2. Ascertaining the differences between the prior art and the claims at issue.
3. Resolving the level of ordinary skill in the pertinent art.
4. Considering objective evidence present in the application indicating obviousness or nonobviousness.
This application currently names joint inventors. In considering patentability of the claims the examiner presumes that the subject matter of the various claims was commonly owned as of the effective filing date of the claimed invention(s) absent any evidence to the contrary.  Applicant is advised of the obligation under 37 CFR 1.56 to point out the inventor and effective filing dates of each claim that was not commonly owned as of the effective filing date of the later invention in order for the examiner to consider the applicability of 35 U.S.C. 102(b)(2)(C) for any potential 35 U.S.C. 102(a)(2) prior art against the later invention.

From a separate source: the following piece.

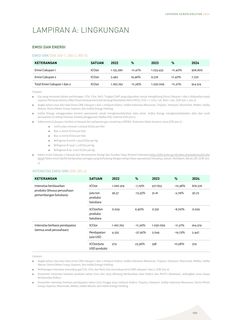 Emissions data extracted from page 191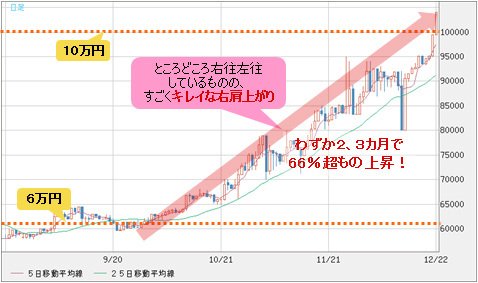 ビットコイン/円 日足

Claims 3-4, and 16-18 are rejected under 35 U.S.C. 103 as being unpatentable over Ravi in view of Malon et al. (US-PGPUB 2014/0236577 A1 hereinafter “Malon”).

As for claim 3-4, Ravi discloses everything claimed as applied above (see claim 1 above). Ravi also discloses machine learning models for processing common and compute-intensive parts of machine learning training or production, i.e., inference, workload (Ravi - Figs.1-5, ¶ [105]-[106]), and encoders such as the projection functions are each encoded as sparse matrices (Ravi - ¶ [15]). However, Ravi is silent about an autoencoder model, and a decoder model; although the use of the autoencoder and decoder is well known in the art as described below in one of many class G06F/704 references. In the same field of communication technology, Malon discloses systems and methods for words representation in a neural probabilistic language model (Malon – Fig.1, Original Language Model 12, Figs.2-9, Abstract, ¶ [24]), wherein the system uses a recursive neural network that includes an autoencoder 103 and a decoder 106, trained in combination with each other (Malon – Fig.5, E (autoencoder) 103, D (decoder) 106, Fig.6 depicted an exemplary training process, and Fig.8 depicted an example for the operation of the encoders and decoders, ¶ [31]-[32], [38]), and configured to receive the representation and to generate a reconstructed language input based on the representation (Malon – Figs.1-9, ¶ [31], trained for reconstruction, the reconstructed feature vectors and the originals, and ¶ [41], the decoder D is restored the inputs from the compressed vector), wherein the autoencoder model is trained to maximize a probability of the reconstructed language input matching the language input on a token-by-token basis (Malon – Figs.1-9, ¶ [21]-[23], when applied 
Therefore, it would have been obvious to a person of ordinary skill in the art before the effective filling date of the claimed invention to modify Ravi by providing the above described features, as taught by Malon for the advantages of freedom from explicit rules, types, and exact string matching, as per teachings of Malon.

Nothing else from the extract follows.